ファイルのアップロード
ファイルのアップロードでは、FileTransferのuploadメソッドを利用し、表7に示す引数が指定できます。
FileTransfer.upload(fileURL,serverURL,successCallback,errorCallback,[options,[trustAllHosts]]);
また、それぞれの引数は表7のようになります。
| 引数 | 概要 |
|---|---|
| fileURL | アップロードするファイルのパス |
| serverURL | アップロードするサーバへのURL。encodeURI()を使ってエンコードする。 |
| successCallback | 成功した場合のコールバック関数。関数の引数にはFileUploadResultオブジェクトが設定される |
| errorCallback | 失敗した場合のコールバック関数。関数の引数にはFileTransferErrorオブジェクトが設定される |
| options | 追加で指定する任意のヘッダを指定する。BASIC認証などが必要な場合にはこちらに追加のヘッダを指定する。 |
| trustAllHosts | すべてのホストを信頼するか?オレオレ証明書などをもちいている場合にtrueにする。通常の運用ではfalseにする。 |
ローカルファイルをサーバにアップロードするサンプルコードがリスト6のようになります。
// (1)FileTransferオブジェクトを作成
var fileTransfer = new FileTransfer();
// (2)アップロード時のオプションオブジェクトの作成
var options = new FileUploadOptions();
options.fileKey = "image";
options.fileName = "sample.png";
options.mimeType = "image/png";
fileTransfer.upload(
cordova.file.applicationDirectory + "www/img/upload.png", // (3)データのパスを指定
encodeURI("http://192.168.1.7:8080/cdv7/put.php"), // (4)リクエスト(アップロード)するパスを指定
function(result){ // (5) 成功した場合のコールバック関数
var body = result.response; // (6) サーバからのレスポンス
if(result.response) {
var ret = JSON.parse(body);
var message = ret.message;
$scope.$apply(function(){
$scope.message = ret.message;
});
}
},
function(error){
alert('ERROR (' + error.code + ')');
},
options // (7)オプションの指定
);
// (8)アップロード中の状況を把握するためのイベント処理
fileTransfer.onprogress = function(event){
if(event.lengthComputable){
$scope.$apply(function(){
$scope.progress = "uploaded :" + event.loaded + "/" + event.total;
});
}
};
(1)ではFileTransferオブジェクトを作成します。
続いて、(2)でアップロードする際のオプション情報を設定します。オプションには表8のような指定が可能です。
| プロパティ | 説明 |
|---|---|
| fileKey | フォームでのname属性の値。デフォルトは"file"。 |
| fileName | アップロードするファイル名。デフォルトは"image.jpg"。 |
| httpMethod | アップロードする際のHTTPメソッド。POSTもしくはPUT。デフォルトはPOST。 |
| mimeType | アップロードするファイルのMIMEタイプ。デフォルトは"image/jpeg"。 |
| params | 追加で指定する任意のリクエストパラメータ。 |
| chunkedMode | アップロードする際にChunked形式で送信するか否かを指定します。Chunked形式ではデータを一括で送信せずに分割し、データ量が多い場合に有効な送信方法です。デフォルトはtrue。 |
| headers | 任意の指定するヘッダ情報。 |
メソッドには(3)ローカルファイルのパスと(4)encodeURIメソッドを使って指定したアップロードするURLを指定します。

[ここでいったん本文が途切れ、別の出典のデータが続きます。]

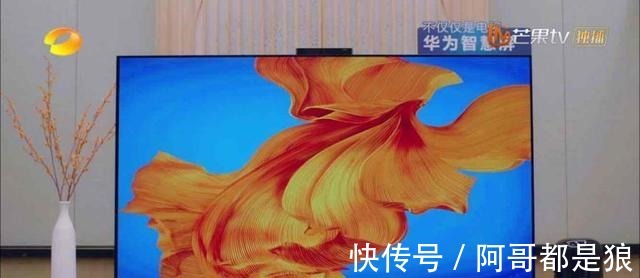 人的價值|《元氣滿滿的哥哥》喜迎“智慧管家”，華為智慧屏成為新伙伴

続いて、(5)成功時のコールバック関数では表9に示すFileUploadResultオブジェクトが取得できます。サーバからのレスポンスはresponseプロパティから取得で取得できます。
(7)で(2)で作成したFileUploadOptionsのオブジェクトを指定します。
ダウンロードと同様に(8)のようにonprogressプロパティに関数を指定することでアップロード中の状況を把握できます。
| プロパティ | 説明 |
|---|---|
| bytesSent | 送信されたデータ量。 |
| responseCode | アップロードした際のHTTPレスポンスコード。 |
| response | レスポンス結果の文字列。 |
アップロードに成功するとPHPではリスト7のような$_FILES変数が設定されます。
$_FILES["image"] = array(
"name" => "sample.png",
"type" => "image/png",
"tmp_name" => "/private/var/tmp/phpWQlHY5"
"error" => 0,
"size" => 46976
);
最後に
今回紹介したFileTransferプラグインを利用すると非常に簡単にファイルのアップロードやダウンロードの機能を追加できます。これらの機能はネットワークを利用しますので、第4回で紹介したネットワーク情報を取得するプラグインも併せて参照することをおすすめします。
オフライン時でも様々な操作ができることがWebアプリと違い便利なところですので、これらのプラグインを有効に使ってさらに便利なアプリの制作に役立ててください。